Model Averaging and trying to get some theory behind my results
For the entirity of my Ph.D thus far, I've been dabbling with Model Averaging. It's helped me get to two conferences in nice places (Oslo and Santander), but it's generally always left me unsatisfied. I don't like rubbishing the work of others, and destroying a modelling/forecasting technique is much easier than proposing one.
However, model averaging is gaining acceptance as a modelling methodology as well as a forecasting methodology, and this is pretty concerning, if one wants to see econometrics telling us what the data tells us, and not what any particular econometrician would like to tell you. Even were model averaging to be disproved as a viable strategy however, it would not alter the fact that the Bible tells us this world is fallen, and as such, people will always try to manipulate and/or hide evidence to back their position up. So in this work I don't hold out some lofty ideal that all the ailments of econometrics will be solved, but I hope to make a positive contribution.
It's a concern because model averaging at its worst provides biased regression coefficients and can tell next to nothing about the effect any particular variable has on the variable/parameter of interest. This is because model averaging takes every possible subset of variables from a K variable dataset, and averages the results of these individual models. It's reasonable to suggest that within the set of models averaged over, there will be a "best" model. The "true" model might not be in there, but there will be a model which best captures the variation in the variable of interest, and is coherently specified with no autocorrelation, heteroskedasticity, and has normal residuals. But model averaging will give this "best" model a weight when it averages, and will give non-zero weights to very bad models.

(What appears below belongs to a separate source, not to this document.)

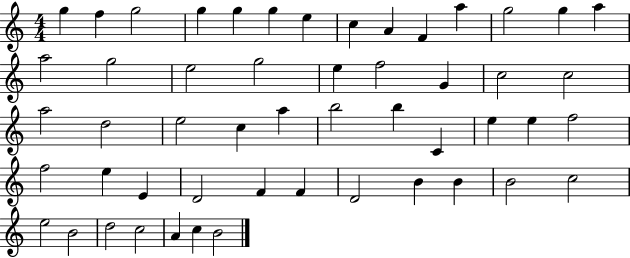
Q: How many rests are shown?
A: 0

One can see some sense in the arguments for model averaging: will we ever know which model this "best" model is? Won't there be a good few of these "good" models? Answer: yes. But one then needs to select this "best" models, and only average over these, and cut out the very bad models that one is bound to average over if one simply averages over every model in the space.
This is the crux of my work. Now, using Monte Carlo simulations, this is very easy to show. Even in very benign situations (i.e. perfectly nice datasets with none of the problems real-world datasets face), forecasting appears to be a bad idea using model averaging. But showing theoretically why this is the case is less straightforward, and a lot more messy. However, it's vital if people are to actually read anything I write on this and stick on the internet, and maybe hope to put towards my Ph.D.